### Task prompt
Each line below should be repeated exactly as written, with no pictures carried over.

### Input data
* * * * *
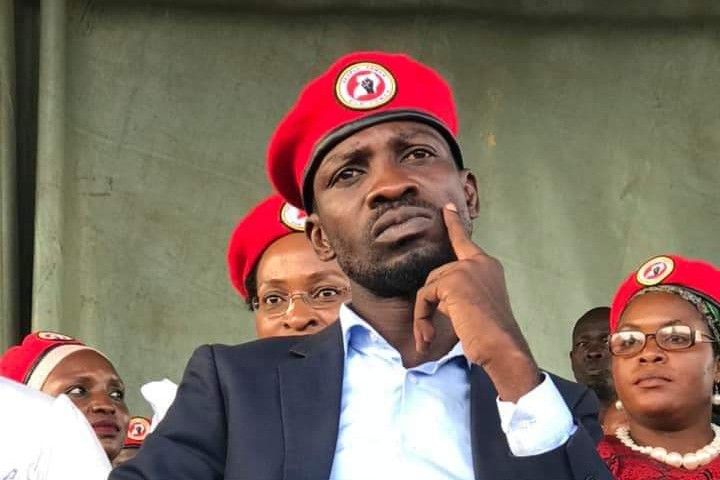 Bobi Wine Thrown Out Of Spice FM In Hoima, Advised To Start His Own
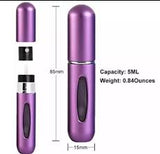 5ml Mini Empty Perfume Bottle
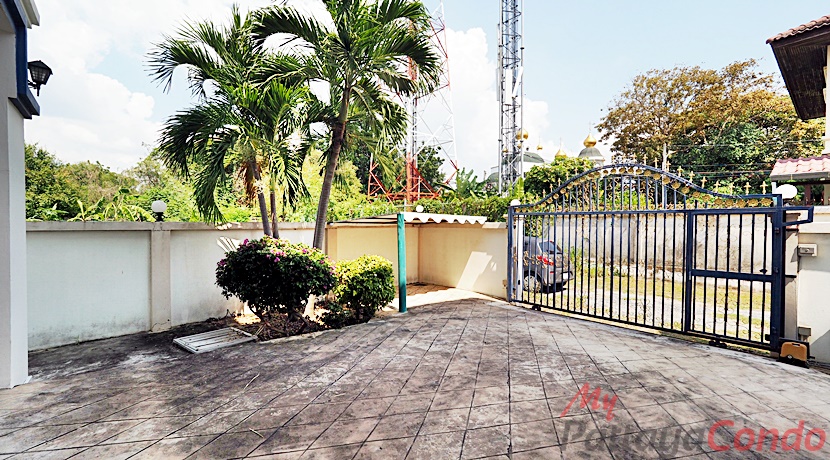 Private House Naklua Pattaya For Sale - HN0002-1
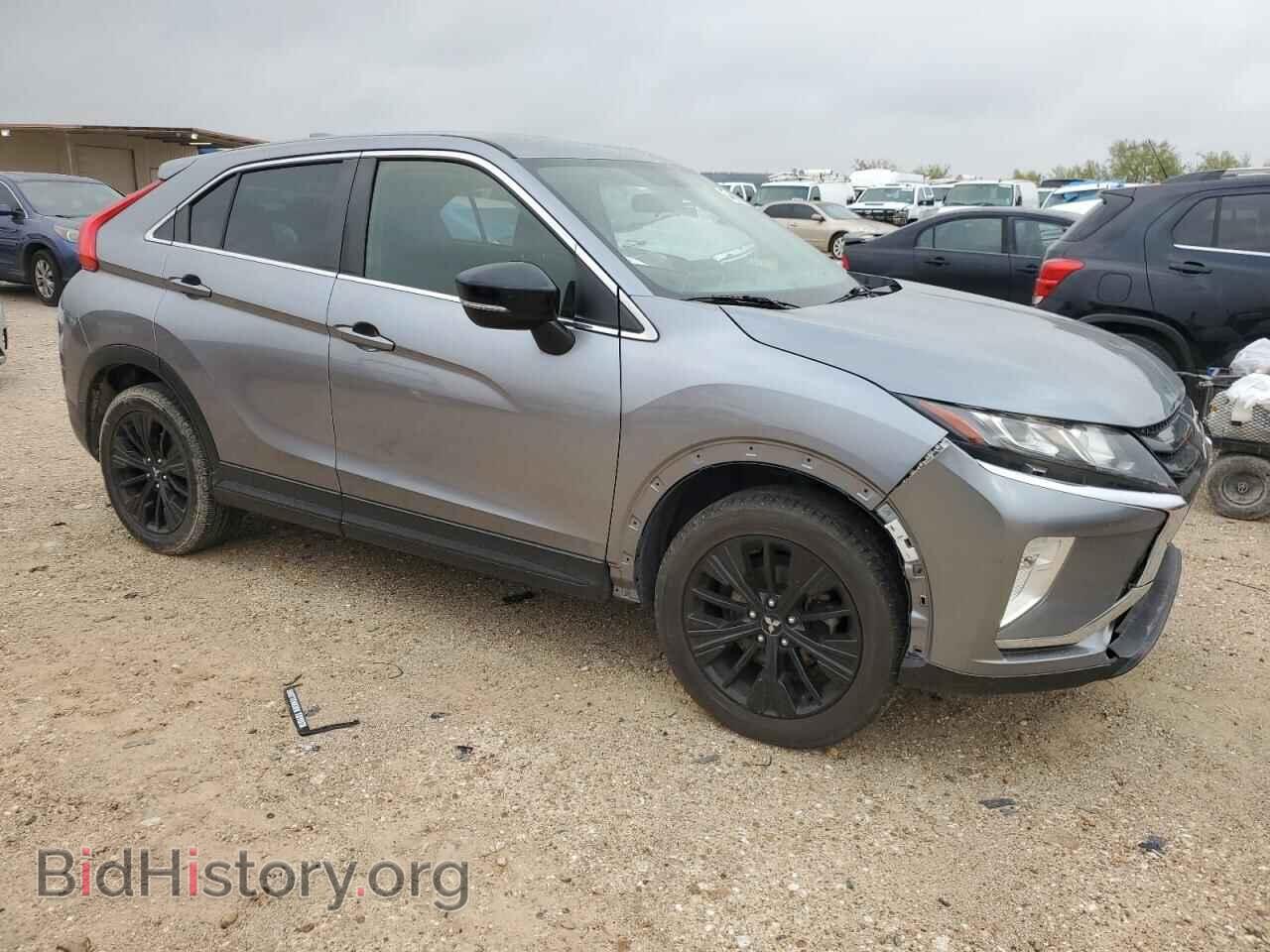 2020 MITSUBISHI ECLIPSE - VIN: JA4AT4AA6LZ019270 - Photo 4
* * * * *
### Exercise response
 Bobi Wine Thrown Out Of Spice FM In Hoima, Advised To Start His Own
 5ml Mini Empty Perfume Bottle
 Private House Naklua Pattaya For Sale - HN0002-1
 2020 MITSUBISHI ECLIPSE - VIN: JA4AT4AA6LZ019270 - Photo 4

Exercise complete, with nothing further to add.